Java OWL APIs

Introduction

Lately I am experimenting with the whole Semantic Web fuzz. More specifically using OWL. I have edited two small test Ontologies, to see what can be acomplished and how I have to use it from Java. So I ran into the issue of comparing some Java Semantic Web APIs.

The tests I wrote are mainly JUnit Tests since they are easy to run from my IDE (Eclipse) and provide stack traces of exceptions by default, so the code does not need to include try statements and stacktrace prints. For production use proper Exception handling is a necessity.

This is still under Construction and will evolve in the next couple days. Still everything stated here reflects my personal opinion of seeing things. I am no expert at Ontologies or the description logic behind it (yet ;) ). Nevertheless if you see anything suboptimal, leave a comment and I try to improve.

Use Case

My Use Case is more or less simple. By using Java I want to fill a specific data model (= ontology) with some data. The data model in this respect the OWL class and properties are considered to be static. That means, during the deploy time (and run time) the ontology's class definition will never change. Changing the ontology in that respect would be considered a major development cycle.

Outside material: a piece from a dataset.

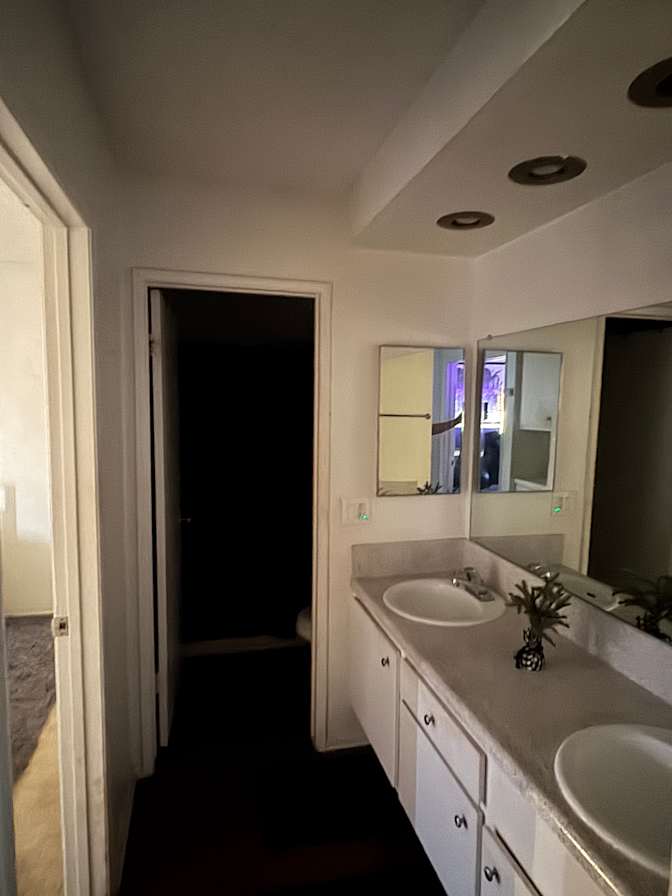 Isac's room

The Program is used to read some data and creates a bunch of individuals for the ontology at hand. This could be the first step of information collection and the individuals can be consumed later by another application which reasons on them or does something completely different.

In short I am looking for an API that achieves the following:

  1. Hide complexity of OWL to the average Java Programmer (like me) and provide simple usage of Java Objects. (I am aware that this means loosing expressivity of certain OWL-Concepts!)
  2. Be able to save ontologies from the in memory Java model.
  3. Be reasonably fast at this.

All statements made about the API's are in respect to the fitness of use for that particular use case.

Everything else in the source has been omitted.